If there is fault to be found, it is that the book’s explosive ambitions necessarily fall short. For instance, Dumler-Winckler writes that her “hope is to chart a path that opens new ways of understanding relations amongst theology, ethics, politics, aesthetics, and critical theory” (13). This is a grand scope. (My marginal note reads, “is that all?!”) More specifically, some connections that Dumler-Winckler draws are either unnecessary or unpersuasive, such as her comparison of Wollstonecraft on virtue and Judith Butler on performativity in the first half of Chapter 3, which feels forced and unrevealing, particularly about Butler. In comparison, her discussion of Saba Mahmood and Wollstonecraft on modesty allows us new ways of looking at both thinkers, surely the ideal outcome of such comparisons. Dumler-Winckler is impressively well-read and seemingly all of their readings have made their way into Modern Virtue—one paragraph alone volleys between Angela Davis, Shakespeare, and Wollstonecraft (213), inducing a bit of whiplash. The breadth also occasionally leaves the reader with the feeling of being kept from the book’s central argument.
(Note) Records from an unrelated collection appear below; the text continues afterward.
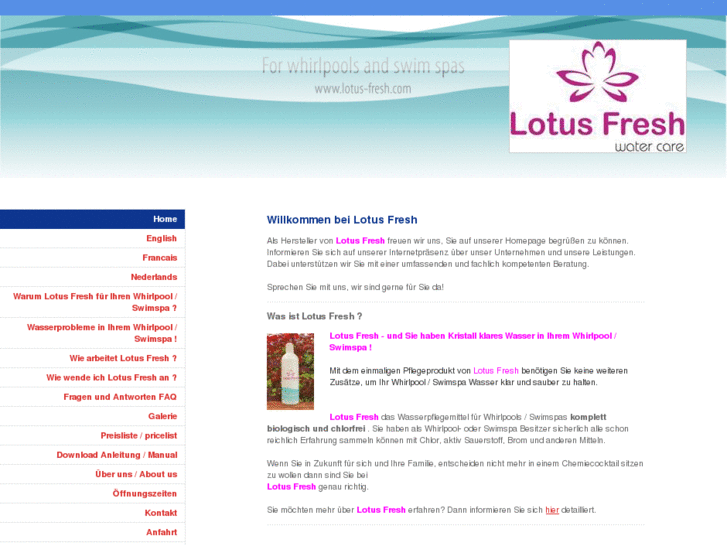 www.lotusfresh.com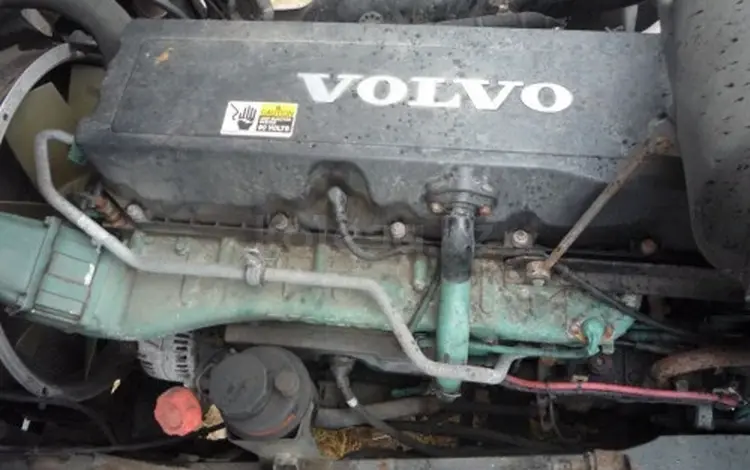 Двигатель VOLVO D9A260 EC01 D9 20451743 для самосвала VOLVO FM9 в Актобе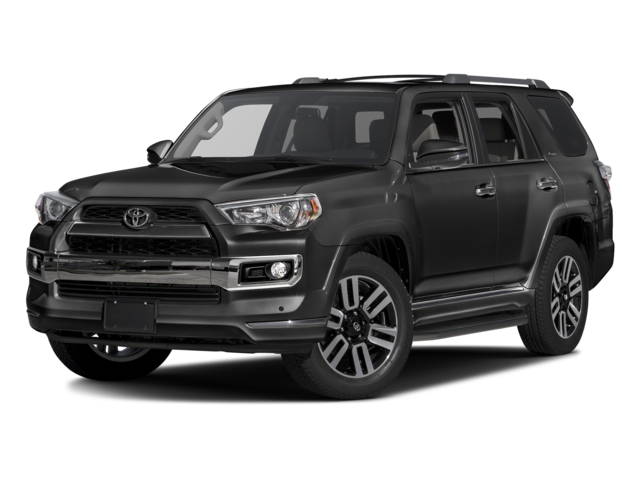 2016 Toyota 4Runner 4WD 4dr V6 Limited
Yet for those who have not been especially attentive to Wollstonecraft’s theological work, Dumler-Winckler’s text constantly invokes surprising and intriguing comparisons—reading the courtroom scene in Maria as a Christian martyr act, for example (36). One of Dumler-Winckler’s more intriguing propositions is that Wollstonecraft’s infamous “revolution in female manners” is indebted to virtues, themselves cultivated by imitating the life of Christ (124). Perhaps most powerfully, Dumler-Winckler argues that “Wollstonecraft understands that true virtue is revolutionary because it enables one to justly oppose injustice, to not only dissent but to do so by embodying an alternative to those injustices” (119). That proposition alone should entice Wollstonecraft’s many readers to take up Dumler-Winckler as a companion text.